The woman bounced down the path, her arms pumping strong on her afternoon jog. She looked so fit. So light. So free.

I did my own bouncing as my 2-week-old baby fussed in the Baby Bjorn strapped to my chest. My 4-year-old son was taking his turn in the stroller. My 2-year-old walked beside me, holding my hand that held onto the stroller.

Another person passed us—a biker—also looking fast and free.

I, on the other hand, with three small kids, felt a bit, well, full, and busy, and mostly, tired. And a bit jealous, wishing I could spend my afternoon jogging, or biking, or, should I even dream of it? Napping.

Rebecca with second child, Renea.  Photo by Tripp Flythe.
Rebecca with second child, Renea. Photo by Tripp Flythe.
It has been years since I’ve been on a jog while the sun was up. Been years since I haven’t had to carry a bag full of diapers and sippy cups. Been years since I haven’t worn a kid either in my belly or strapped in a sling to my body, or hooked around my waist.

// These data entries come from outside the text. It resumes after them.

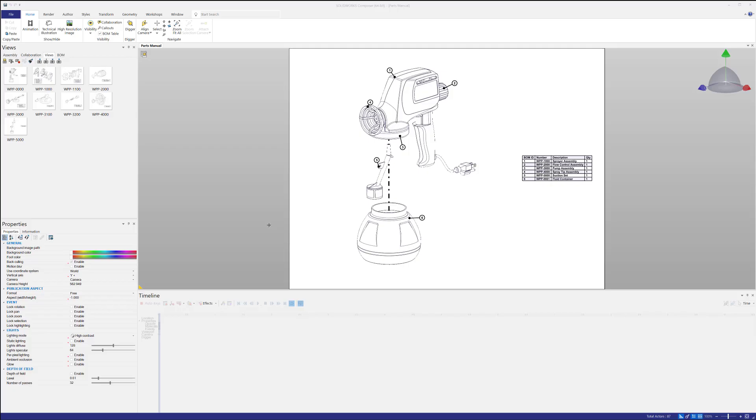All right crew, Adam Hughes here with GoEngineer. Today we're going to take a look at a couple of the settings that I highly recommend when starting SolidWorks Composer. Maybe you're new to it, maybe you've got a fresh install, whatever it might be. Maybe just looking for some tips and tricks. Here's some good stuff.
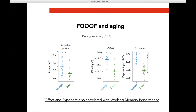A recent paper by Donoghue and colleagues — who also shared the code — showed that aging is associated not only with decreased alpha power, but also with a change in offset and exponent, specifically a reduction in both, with a flatter power spectrum in older adults compared to younger adults. This seems to be a sign of age-related changes and also correlates with working memory performance, making it a good indicator of cognitive status.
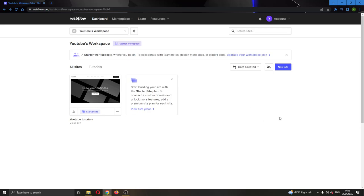Let's get straight into it. The first thing you want to do is go ahead to the official webflow.com website and log into your account.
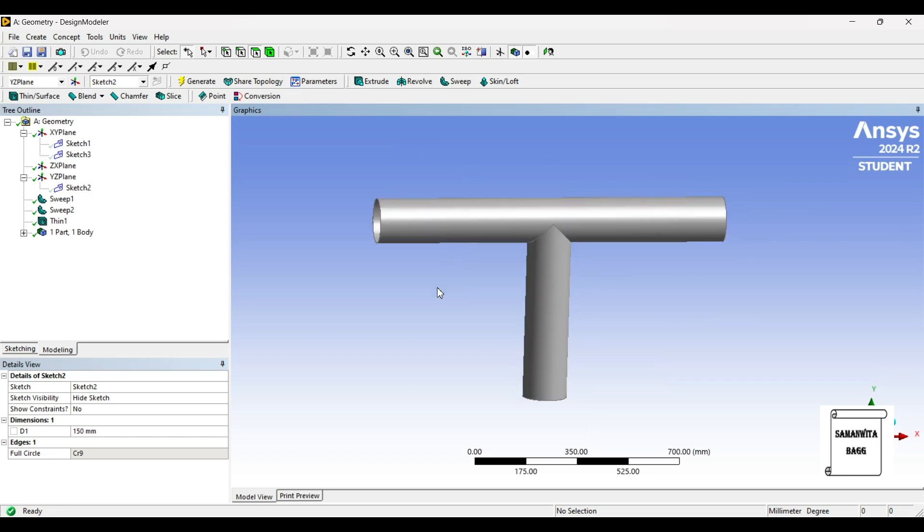Made in Design Modeler of ANSYS Workbench. With this, I end the session. I hope you understood the design procedure. If you have any doubts, please write to me in the comment section. Don't forget to like, share, and subscribe to the channel. Hit the bell icon for latest video updates. See you in the next session. Thank you.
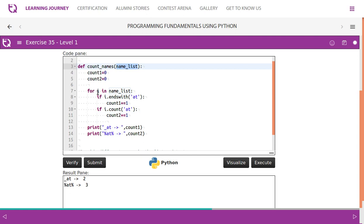We'll check if something ends with 'at'. If it ends with that, we increase the count1 value by one. At the same time, we also check whether it has 'at' in it, so we also increase count2 value by one. One loop we use for two processes.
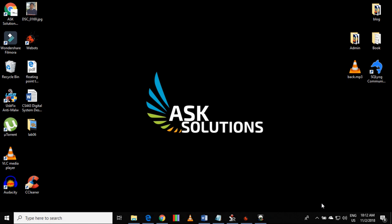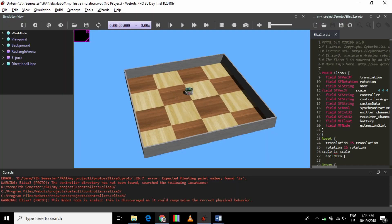Welcome back to Ask Solutions. As always, if you have a question or comment, please leave it in the comment section below. This lecture is from the series of robotic labs using Webots simulation software. Lab experiment number 04: first simulation in Webots. Its objective: by the end of the lab, the student will be able to design a world and perform a simulation.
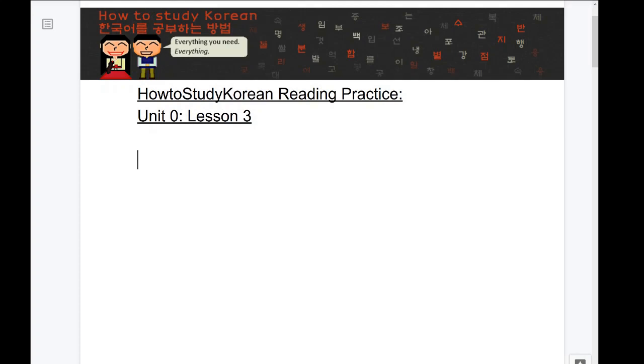Welcome to the Unit 0 Lesson 3 Reading Practice video. In these videos, I will prompt you with a Korean word and give you time to figure out how to read it. I want you to try to figure out what the word means. All the words are actually borrowed words from English, so if you pronounce them out, you should be able to figure out their meaning.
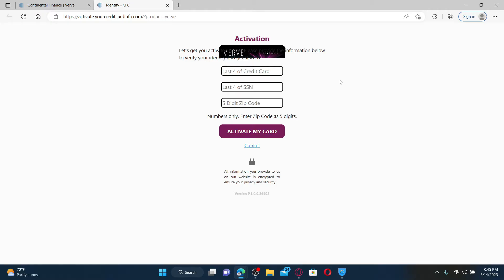Type in the last four digits of your social security number and then your five-digit zip code. After you're done filling in the information correctly, click on the Activate My Card button and follow the instructions till the end to activate your Verve credit card.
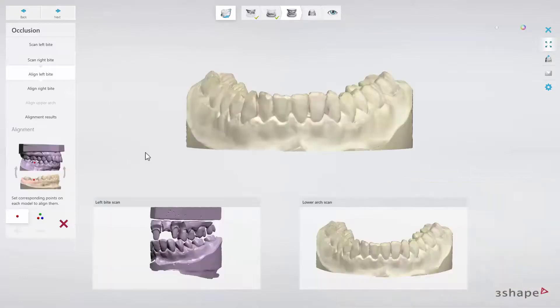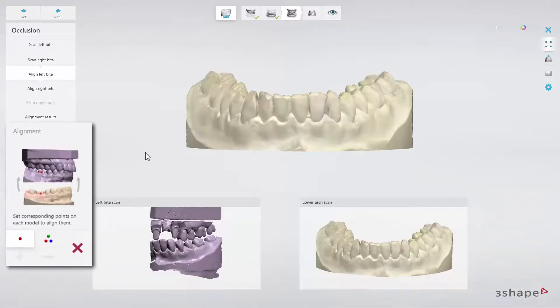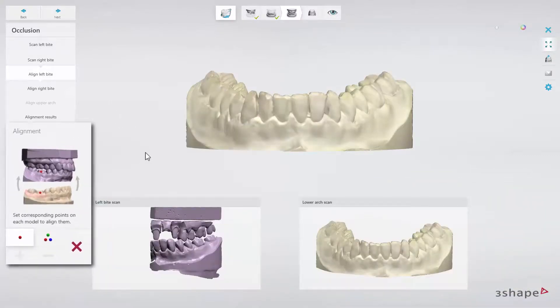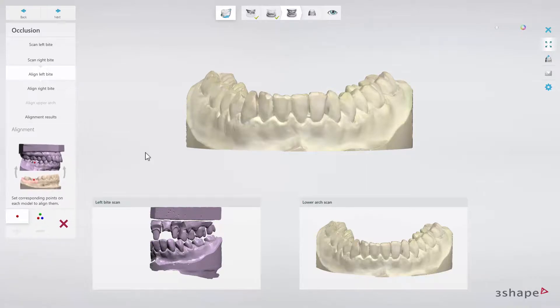You can now perform manual alignment. You may do it in two ways, using one or three-point alignment. First, you have to align the left bite with the lower model.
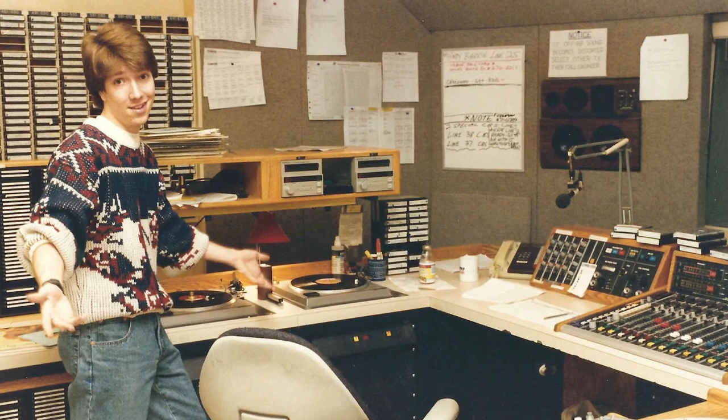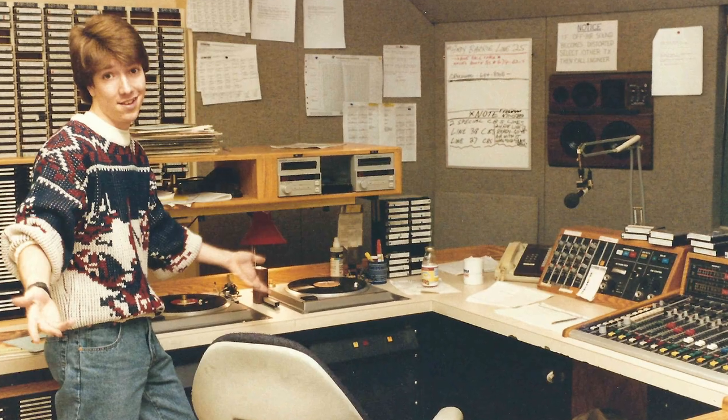The secret to radio success is, well, frankly, nepotism. I had an uncle who was a major DJ in Toronto and he got me my first job in radio at 17.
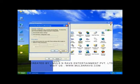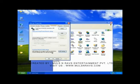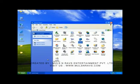Now click on LAN Settings. Check the first checkbox, which is 'Automatically detect settings'. Now click OK, and again click OK. You are done.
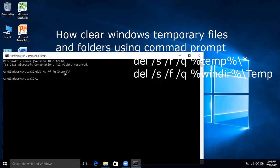But since my temporary folders are already clear, that's why nothing happens. Now use the second command.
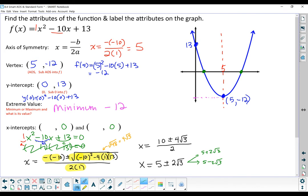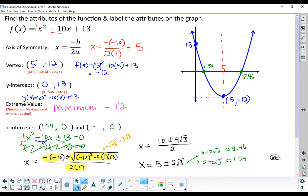Those are the exact values of the x-intercepts — they're irrational numbers. The decimal approximations are: 5 + 2√3 ≈ 8.46 and 5 - 2√3 ≈ 1.54. Remember, your calculator has a converting button right above the Enter button — it looks like two arrows pointing outward — that will convert to the decimal.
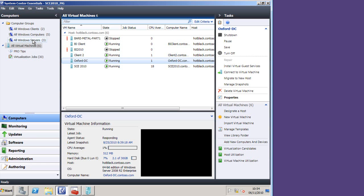So you can do absolutely everything you need in this one pane of glass to manage your virtual and physical machines.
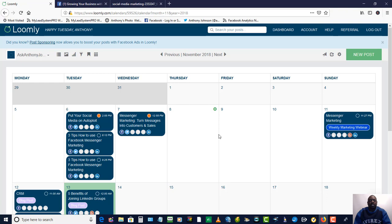Guys, I hope you like this information and I hope it's very helpful. If you're looking for a social media calendar tool to use inside of your business, come check this one out — it's called Loomly. I hope you guys like and comment. If you've got any questions, make sure you drop them in the comment section. Have a great day — thanks for watching.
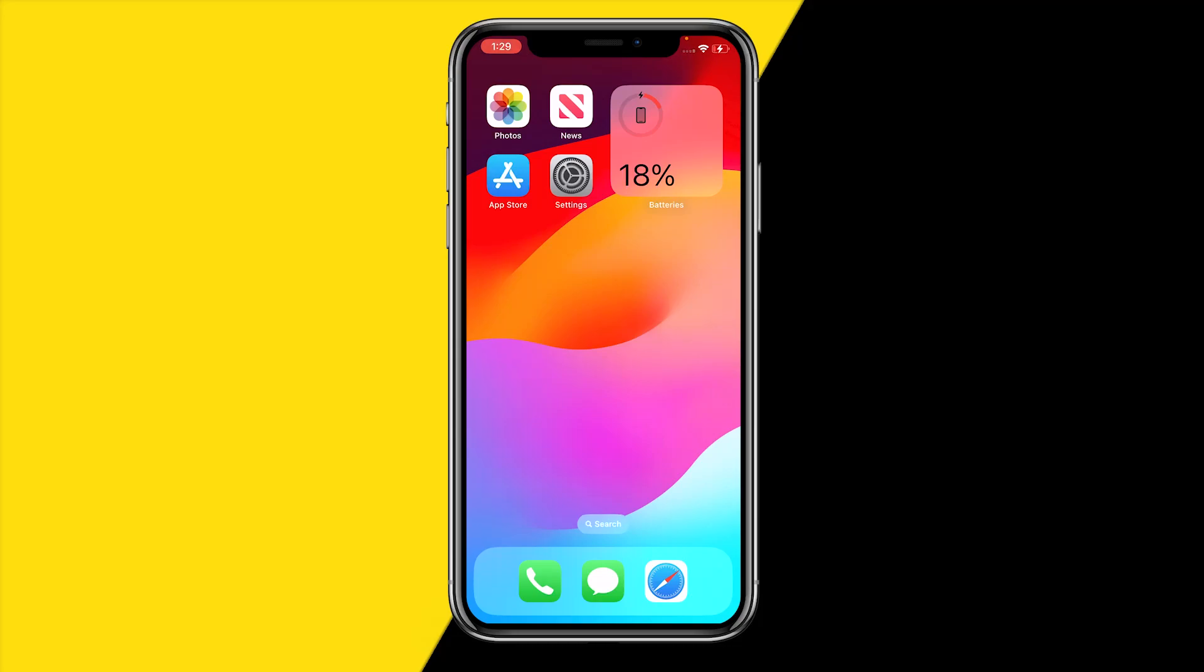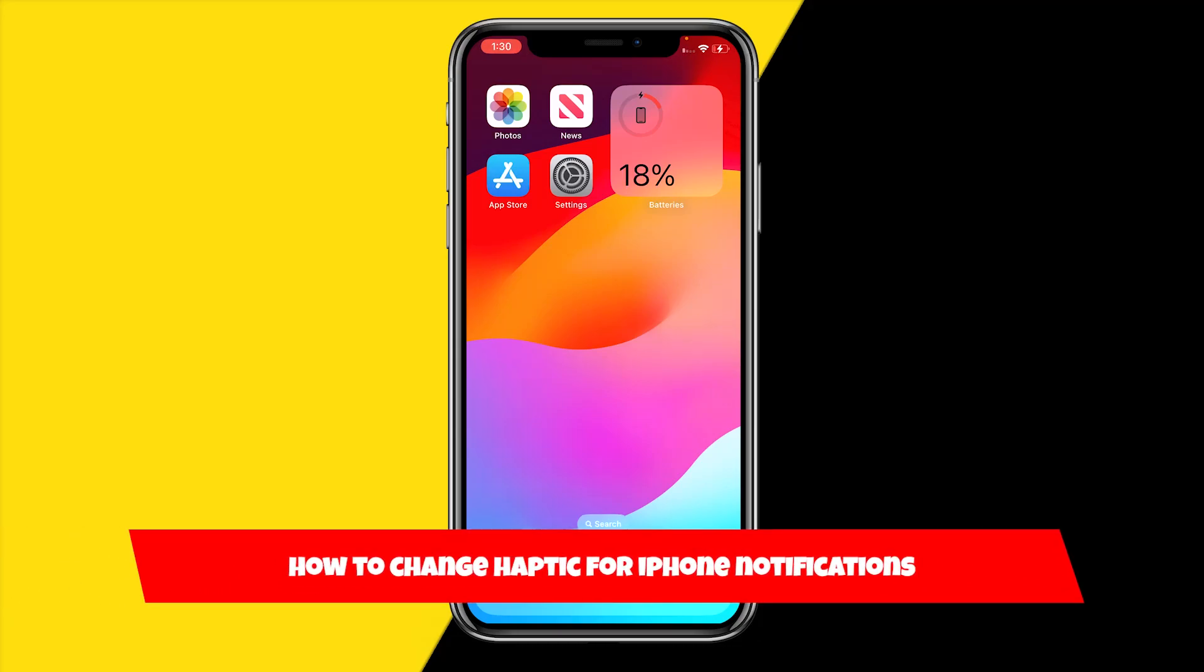Hello everyone, welcome to this video. In this video I'm going to show you how you can change your haptic for your iPhone notifications.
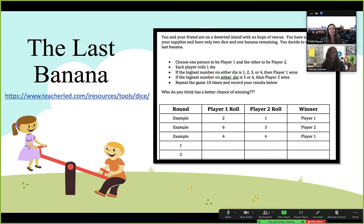Another activity we like to do with our students is a game called the Last Banana. It's a dice game, so we explain the rules and then have students decide which player they'd rather be. You and your friend are on a deserted island with no hope of rescue. You've used all your supplies and have only two dice and one banana remaining, so you decide to roll for the last banana. If the highest number on either die is 1, 2, 3, or 4, player one wins. If the highest number is 5 or 6, player two wins. We poll students — either live or using a polling app or the poll feature in Zoom — to have them decide which player they'd rather be, and then we discuss why they made their choice.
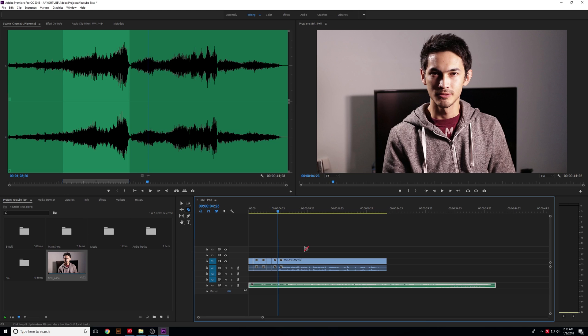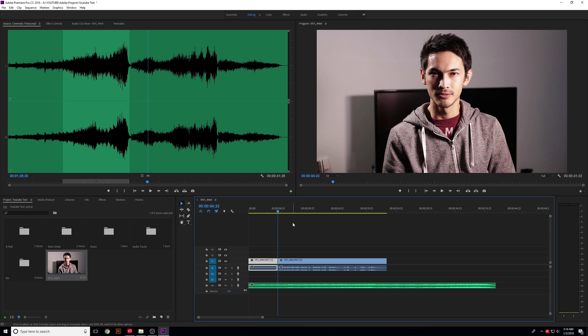Another way — and this is how I typically cut my videos — is if you want to cut at a specific point, you don't have to hunt around with the mouse. Hit V to go back to the Selection tool, and use Ctrl+Z to undo everything. The more times you hit it, the more it will undo. Once you're back to one piece, scroll the playhead to the exact moment you want to cut and press Ctrl+K.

We made our way to our destination—the park. My son immediately made friends with the only other kid there. Renea ran to the swings. I sat down to feed my little boy.

Another woman walked up to me, remarking about my new baby and my other kids. We talked about babies and feedings and lack of sleep while she watched her employer’s son play in the sand box. She has kids of her own—four of them, each just one year apart. They live in another country—in the Philippines. This single mom had come to Singapore to work as a maid and babysitter, sending her salary back to her mom who cares for her kids. We’d gone to Singapore to give birth to our baby.

The talk quickly moved to deeper things. Religion. God. Regrets. Within 20 minutes, she’d moved from talking about midnight feedings to her heart broken by divorce, then to her unsuccessful attempt to abort her youngest child. And how glad she was that God allowed that child to live.

I’m no longer surprised by such intimate talk with other moms as we sit, covered in sweat, and wearing the essence—and spit-up—of kids. Somehow wearing kids breaks down the barriers. Head coverings and ethnicities and language differences don’t matter so much. We, the moms, nod over sleeping heads as we relate to mommy inadequacy and precious first words and filled hearts.

Finally time to go and I strap on the snuggly baby, manage to convince the headstrong toddler to give up her swing and sit in the stroller, and coax the preschooler to say goodbye to his new best friend. I continue on my way, suddenly feeling like my world, my opportunities and my heart have expanded. This time I remember all the good things I get to have in my life—both big and small—and walk wearing a smile.